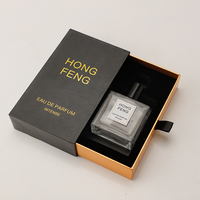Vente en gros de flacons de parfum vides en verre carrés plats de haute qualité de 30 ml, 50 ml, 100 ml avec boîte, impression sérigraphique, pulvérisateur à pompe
++++
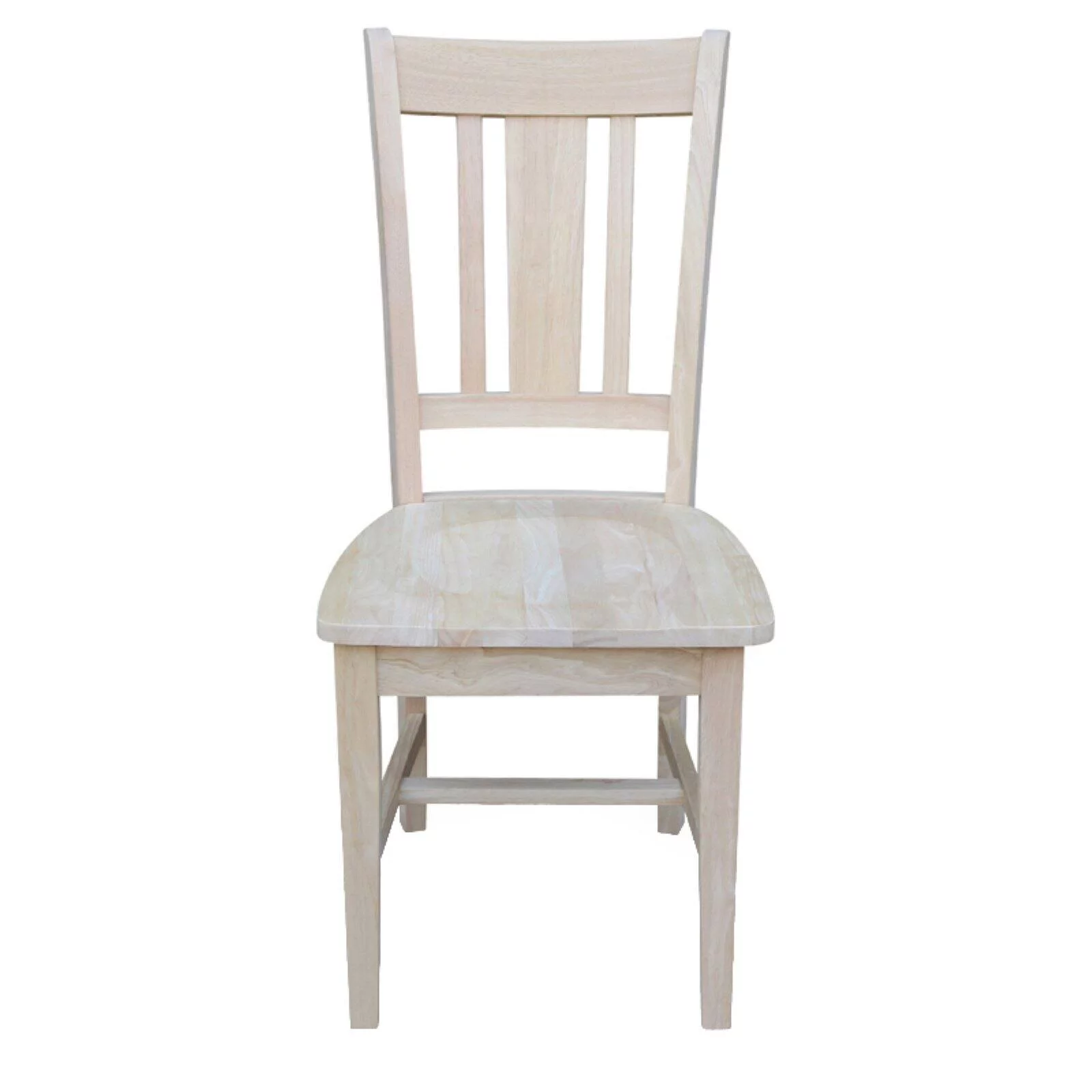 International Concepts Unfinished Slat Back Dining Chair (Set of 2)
++++
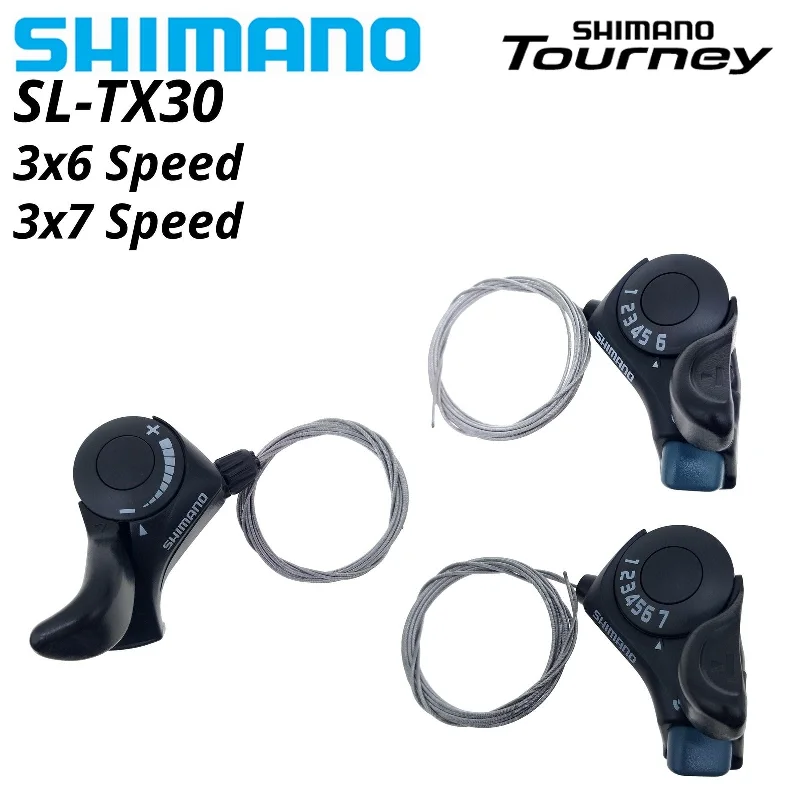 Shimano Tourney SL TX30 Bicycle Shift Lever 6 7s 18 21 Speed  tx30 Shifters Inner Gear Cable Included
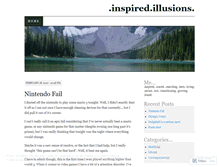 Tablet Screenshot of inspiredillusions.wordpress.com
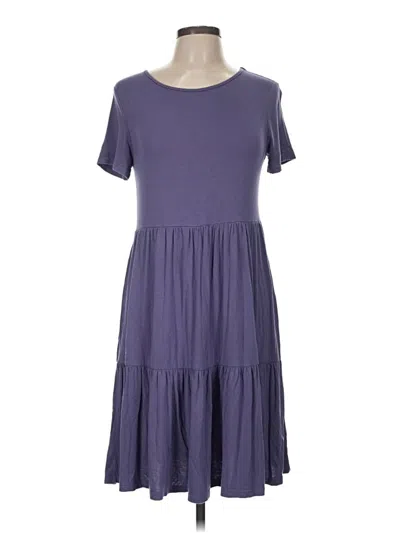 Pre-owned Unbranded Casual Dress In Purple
++++
When copying from the data above, begin at the line containing "Tablet Screenshot of" and end at the line containing "Pre-owned Unbranded Casual Dress In Purple"; return those lines exactly and leave all pictures behind.

[Exercise response]
 Tablet Screenshot of inspiredillusions.wordpress.com
 Pre-owned Unbranded Casual Dress In Purple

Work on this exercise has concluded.